"Que los libros tienen el poder de cambiarnos, es algo que me parece fuera de toda discusión". Así se expresaba en un artículo mi admirado escritor castellano Gustavo Martín Garzo.
Si es indiscutible que el cambio nos puede venir de los libros, de la lectura, entonces tiene todo el sentido una apuesta decidida del vecino ilustrado, por la confianza en la conversación y la palabra, y el poder creador del lenguaje.
Poco a poco se ha ido introduciendo este circuito de ideas: primero que las personas no cambiamos. Nunca. Que hagamos lo que hagamos cada uno es como es. Que el cambio es imposible, que la genética manda, y que de nada sirve intentar cambiar. Después, que si hay alguna posibilidad de cambio es a través de la biodisciplina y sus primos hermanos, esto es, el control férreo, la evaluación continua, el premio y el castigo, y en general el uso de todo tipo de dispositivos de obviedad y simpleza.
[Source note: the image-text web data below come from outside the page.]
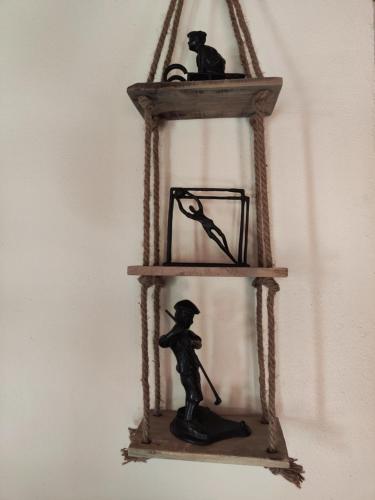 a shelf with a figurine of a man and a cat on it at Allotjaments Cal Llarg in Molló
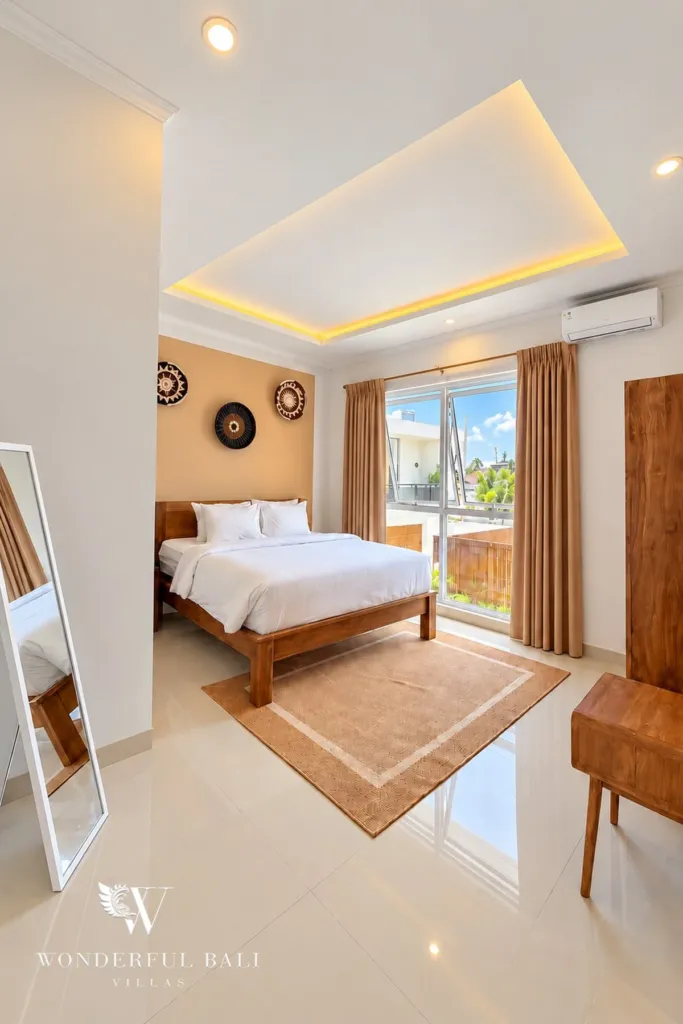 3BR villa for rent in Padonan — bedroom with rug, mirror and balcony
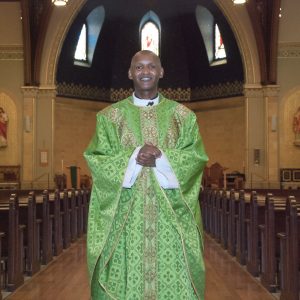 A vested Priest stands in a church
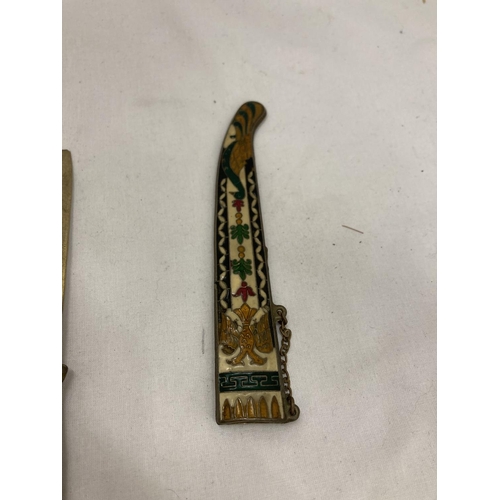 165 - AN ORNATE ENAMEL DESIGN DAGGER AND SCABBARD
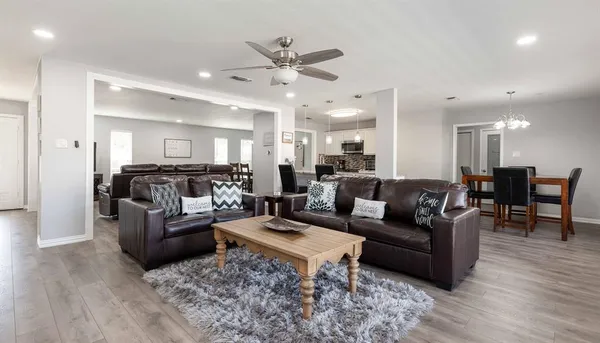 a living room with furniture and wooden floor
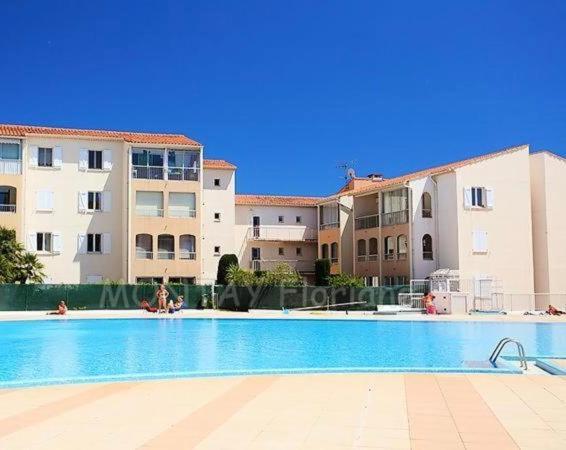 une piscine devant certains immeubles d'habitation dans l'établissement Le lagon bleu piscine et tennis, à Fréjus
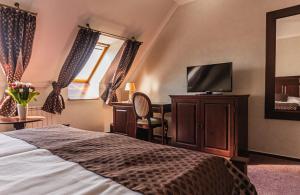 TV a/nebo společenská místnost v ubytování Hotel Octarna - Free parking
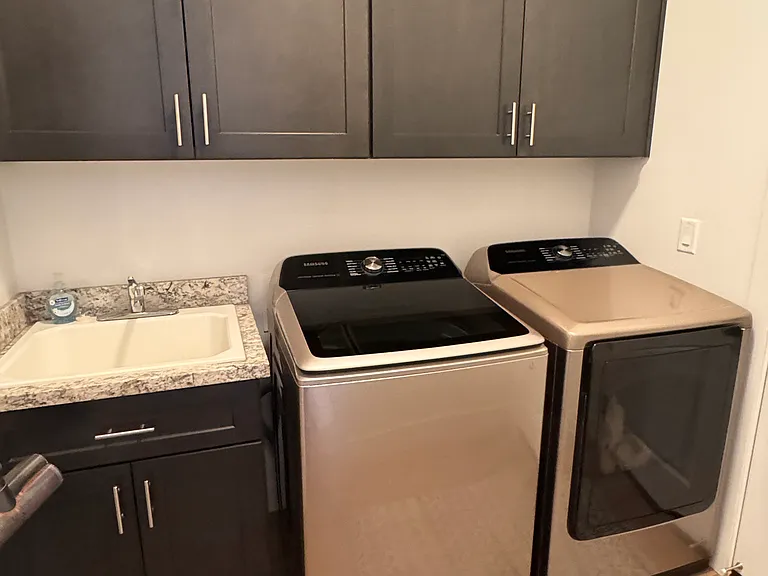 Full size washer and dryer on main floor. Upstairs casita also has full sized washer and dryer.
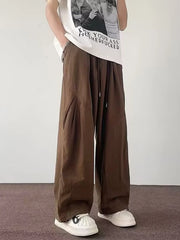 Men's brown loose-fit casual cargo pants with a drawstring waist and pockets.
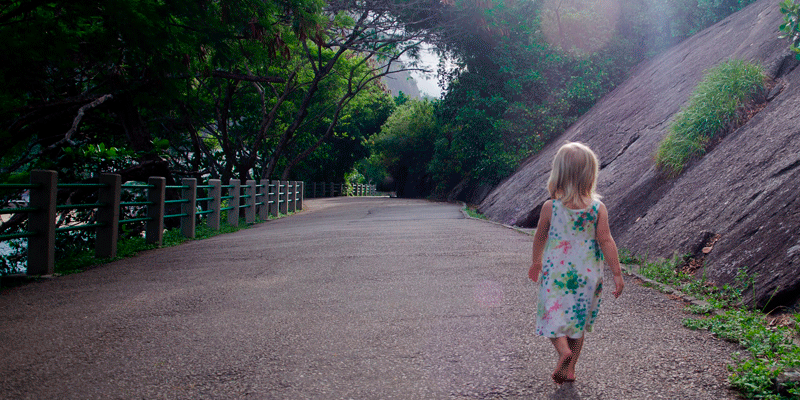 Criança caminhando ao ar livre, cercada por natureza.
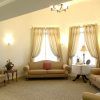 A classic living room with sofas, elegant curtains, and a lamp.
Proliferan los fieles aliados de las respuestas, los que no dan ningún valor a la palabra salvo para persuadir, vender o imponer, los que se muestran incómodos ante las preguntas. Venden un utilitarismo trasnochado, la eficacia a corto plazo aunque se sienten las bases para el desastre a la larga, el resultado inmediato y la satisfacción instantánea frente a la reflexión y la espera. Nuevos mercaderes sin tiempo para nada que no sea el rendimiento, la productividad, y los trampantojos que convencen siempre a la uniformada masa de consumidores obedientes en que quieren convertirnos. Bien sea bajo el lema de 'tómate la píldora y calla' o 'lee cosas prácticas', da igual, el caso es generar este ambiente de silencio gozoso ante el individualismo creciente, la infancia generalizada, el sutil campo de concentración ante el televisor en que nos convertimos sin rechistar. Y sin leer. Total, ¿para qué?